Wow. We have reservations at RV for 4 weeks starting January 6 which I made 13 months in advance.  So I started to double check everything and things are still a little confusing. The regular RV Resort page still shows the message about the resort being closed for renovations until November 24, but if you search for availability at the resort, you see the message about everything being closed until February 1.  My reservations still appear fine when I log in to the web site and I don't have any messages from Wyndham - yet.  So I called and talked to owner services.  The person I talked to said that my reservations still looked fine as well, and that the resorts were not 100% closed. My nephew's family just stayed at Palm Aire a couple weeks ago, so obviously some buildings are open. This sounds more consistent with the messages others have posted about seeking volunteers to cancel reservations during December.
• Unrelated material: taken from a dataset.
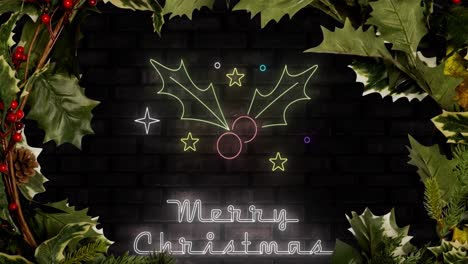 animation of merry christmas text over leaves and stars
I wonder if they have started doing that for January yet or not.
Doug


----------



## Free2Roam (Nov 4, 2017)

dcdowden said:


> Wow. We have reservations at RV for 4 weeks starting January 6 which I made 13 months in advance. .... I wonder if they have started doing that for January yet or not.
> Doug



I had reservations for 12/22/17 at Santa Barbara... I received my email yesterday.


----------



## chapjim (Nov 6, 2017)

I called Santa Barbara yesterday and asked about my January reservations.  First question from the desk clerk was, "Have you been contacted about a cancellation?"  (No, I haven't.)

She said about 20 of 90 units can be occupied.  Apparently repairs are proceeding slowly because she said they are still pulling building permits for the repair work.

So the question seems to be, even if a reservation isn't canceled, will staying there be a pleasant experience?  Probably not.

Addendum:  I canceled my January Santa Barbara reservations.  The thought of sitting by the pool listening to power saws, hammers, etc., scared me off.  Still have January Royal Vista reservations.  Haven't called them yet.


----------



## jercal10 (Nov 7, 2017)

THis situation with all 4 resorts closed is bad. But the lack of info from WYN is appalling. Web says call vac planning - but get 30+ minute hold message.

Someone needs to rattle Mike brown's cage!


----------



## Avislo (Nov 7, 2017)

When calling use option 3 option 2 it answers quicker for me.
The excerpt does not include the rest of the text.